Obi-Wan looked about. "What can we use as a blindfold?"

"How about Jemmiah’s neck scarf?" Abran reached out and pulled out the loose knot, leaving behind a clearly visible red mark.

"Where in the seven Sith hells did you get THAT!" Snapped Qui-Gon angrily, bending over to have a closer look.
"It’s rats." She protested. "The infirmary’s full of them."

"It is
NOT." An-Paj crossed his arms indignantly.

"Ok. There aren’t any rats. The roaches have scared them off." She sulked. "It’s only a little, tiny, insignificant indentation. That’s all."

"You are in hot water when you get back, Obi-Wan. I’m keeping score padawan, and this is being added to the already impressive tally of misdemeanors you’ve managed to run up tonight."

Kylenn stood up to tie the scarf round Windu’s eyes. "Not too tight." He insisted.

"What, so you can cheat?" Sybelle chimed in. "Not a chance."

Berlingside smiled largely. "Right ladies, if you would like to take your positions…"

"I wonder how many times he’s said that over the years." Jemmiah muttered to Letina as they also stood up.

The contestants walked to the center of the floor, wondering what they had let themselves in for. Letina, Leona, Jemmiah, Sybelle, Ambianca, Junine, Vernice Ashdal and Depa Billaba all stood in a line.

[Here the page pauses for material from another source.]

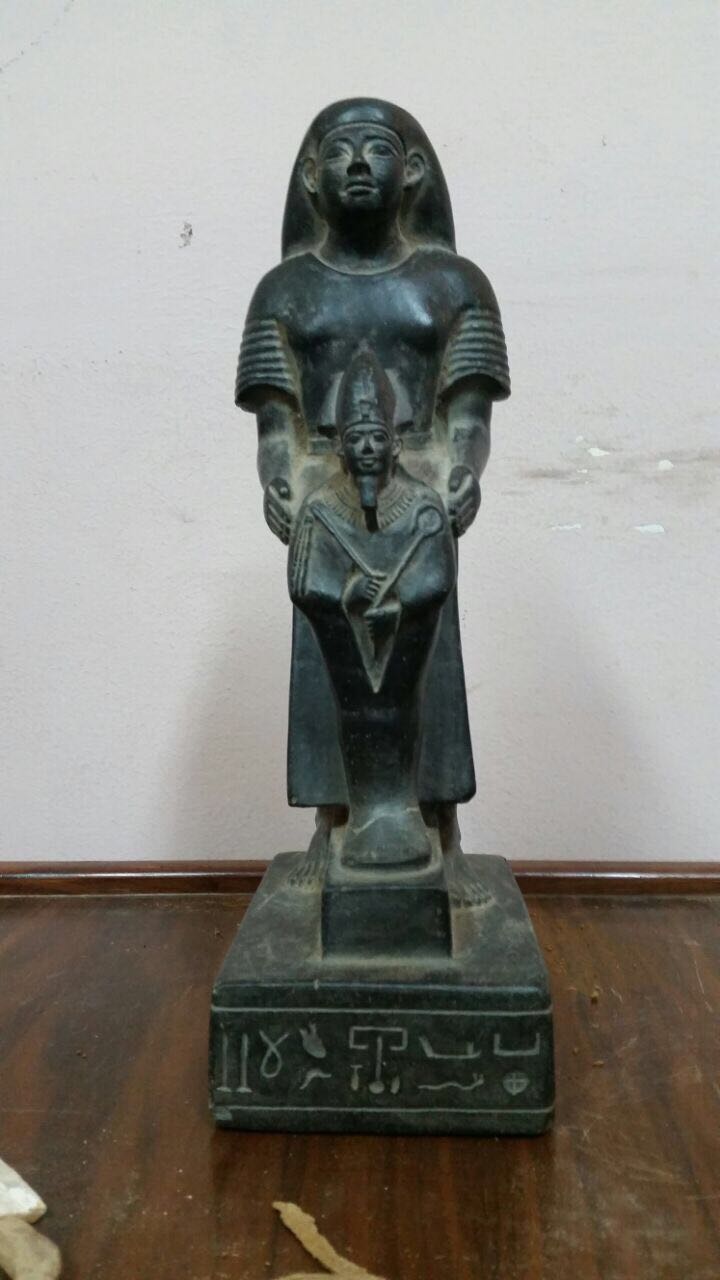 تمثال أثرى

At the last minute, Jemmiah waved over Jay Abran.

"Stand at the end of the line!" She laughed quietly.

"Ready ladies?" Windu asked after the girls had rolled up their tunic trouser legs.

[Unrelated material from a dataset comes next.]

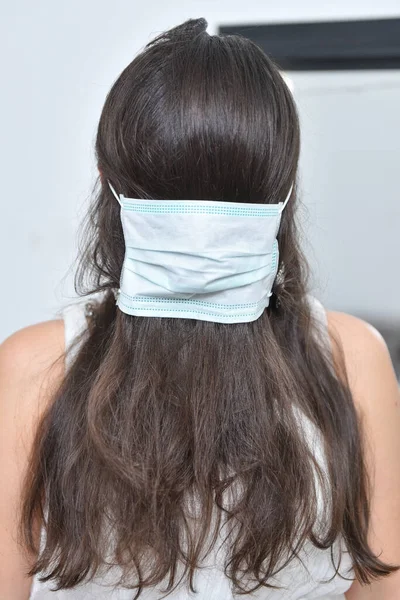 의료용 마스크에 농담도 여성의아름다움 마스크를 만들어 소녀는 근처에서 머리에 가면을쓰고 로열티 프리 스톡 사진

"We are, Master Windu." Jemmy smiled smugly. "But are you?" She whispered under her breath as Jay submitted his legs for inspection.

This would be good!

*****

Lilith was trying her best not to laugh too loud as the young man took a place at the end of the line of legs to be manually inspected. Krelo wasn't making a sound, but her face told the smuggler exactly how hilarious she found the whole thing. The Knight was also keeping a sharp eye on the girl with the holocamera. She would pay quite a great deal for a copy of the evening's entertainment and Lilith had generously offered to pay for Krelo's copy as long as she could also get a copy for herself.

One never knew when having something like that might get one through customs with a little less hassle.

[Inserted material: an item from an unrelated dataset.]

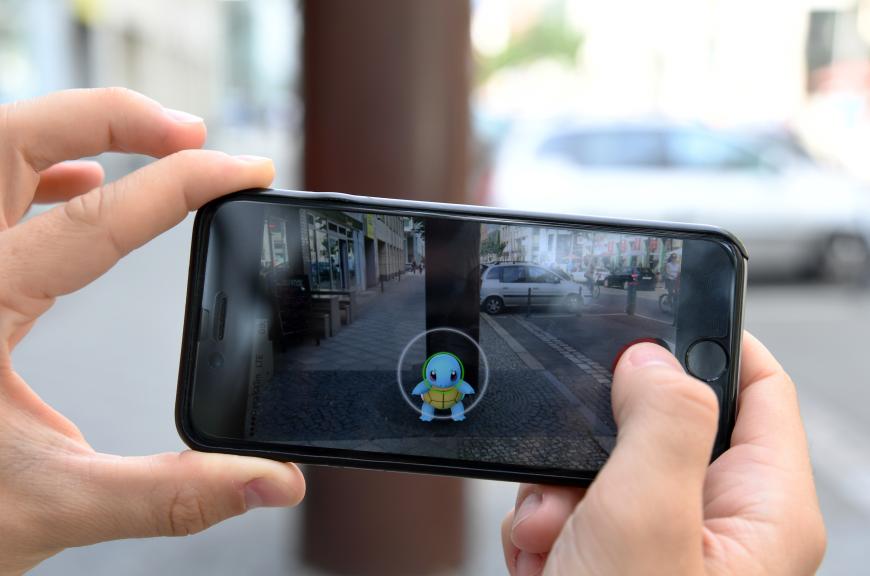 Ganz Deutschland ist im Pokémon-Fieber! Überall gehen die Leute auf die Jagd nach den kleinen Kampftierchen.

Master Windu was down on his knees in front of the line of women with the young man at the end.

No woman would ever make that sort of mistake, but one never knew what men were thinking, if they were thinking, or with what portion of their anatomy they were doing said thinking.

Tears were streaming from Lilith's eyes and she fought valiantly to keep her gut-busting laughter down to a mere quiet gasping behind her hands. One didn't see a Jedi Master, let alone a council member, on their knees in front of someone very often, and this particular occasion was one the smuggler wouldn't pass up for all the spice on Kessel.



*****

Garos and Far walked up just as Mace was beginning his inspection. While Far asked Qui-Gon what the nature of the dare was, Hmiol just laughed. He spotted something moving slowly away in the shadows behind Jemmiah. She followed his gaze and turned to see what he was staring at.

"Where are you going, Ben?"

Mace looked up from his inspection. "Kenobi, don't even think about going anywhere!"

Garos laughed again as his master joined him. He couldn't wait to see what Windu had cooked up.